Joy prompted Gloria to share a rambling stairwell story. Kai half listened, entranced by the color in Gloria’s cheeks, the lovely tone of her voice. This new baby might revitalize Gloria and Joy—another miracle!
The waitress approached, order pad in hand. “I heard y’all hollering. Thought I’d better check in.”
“We’re havin’ a baby!” Andrew’s modulated voice had disappeared, as had his worry lines. This man loved his family. Loved Joy. Kai truly rejoiced for him.
“Hey, cool!” Light danced in the young woman’s eyes as she pulled a pen from a shirt pocket. “This calls for a celebration. So what’ll it be?”
Gloria shook her head. “We’ve been so busy gabbing, we haven’t even looked.”
“Should I come back?”
“Nope. We’re shooting the moon on this one—or the cow, I should say.”
Kai swallowed.
Despite your desire, forget vegetarian.
“It’s our treat, Kai.”
“Oh, no.” Though she demurred, Kai was secretly pleased at Andrew’s gesture.

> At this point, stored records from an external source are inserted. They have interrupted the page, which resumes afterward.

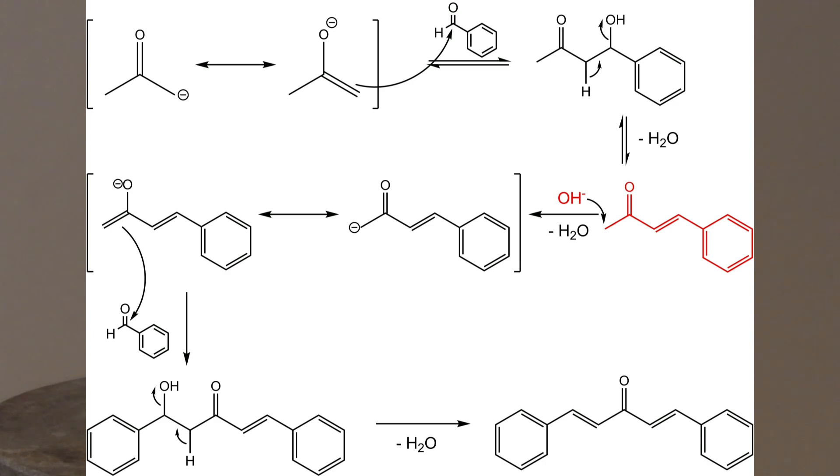After a dehydration takes place, benzalacetone is formed, which is also a CH-acidic compound and can be deprotonated again by the base. The formed enolate again attacks the carbonyl carbon of a benzaldehyde molecule, and after the aldol, dibenzalacetone is formed, which is hardly soluble in water.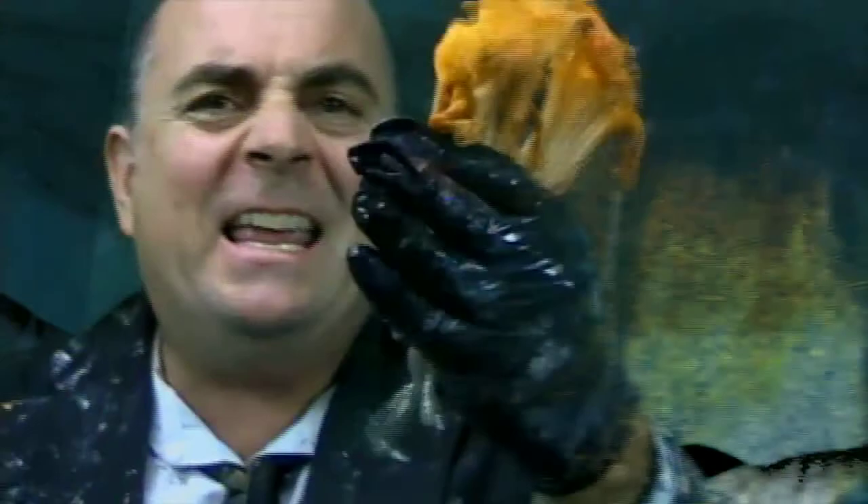A lot of times you can hide a lot of your problems with your vegetables. And we've got a problem with some of these vegetables here. These are vegetables that we thought we were going to cook with, but we didn't ever do anything with them. So they got all soggy and kind of nasty.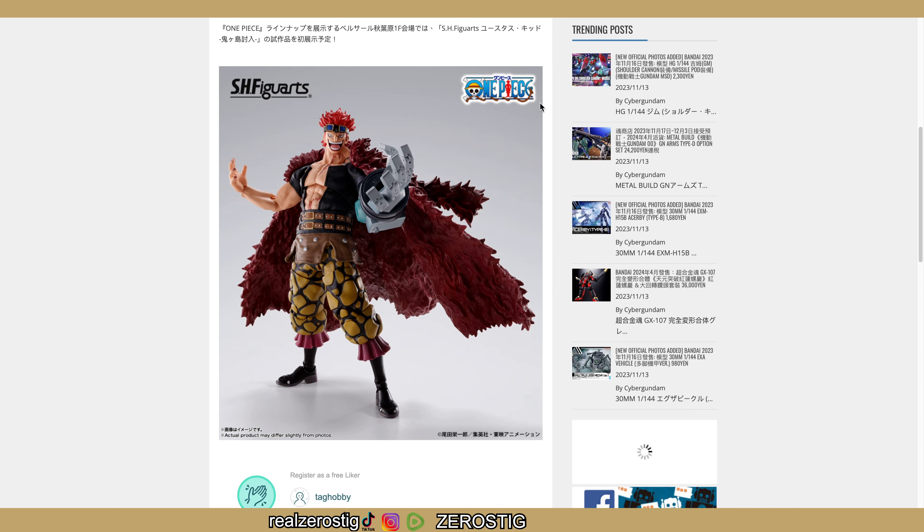This figure is from the anime — pretty awesome, pretty darn cool. By the way, I will be having a review of the SH Figuarts Luffy Gear 5 when I get it. Hope you guys enjoyed it, and see you guys next time.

Andrew shook his head. “We insist, you hear?”
“Yeah, Kai,” Joy chimed in.
After an appropriate time of protestation, Kai murmured, “Many thanks.”
Andrew slapped shut his menu. “Whaddya say to T-bones? Man-size!”
Gloria groaned. Not Joy, who said, “Daddy! That’s a great idea. Like the waitress said, let’s celebrate. Have y’all discussed baby names?”
“Um, Joy, it’s a little early for that.”
Kai gave a smile of relief
. Gloria, you have nailed that one.
Despite the chatter, a pit lodged in Kai’s stomach at the thought of digesting a hunk of T-bone, whatever that was, but she’d rather swallow it whole than dim the gaiety. A gaiety that would be dimmed, soon enough, when she unfolded the papers in her bag and set them on this table.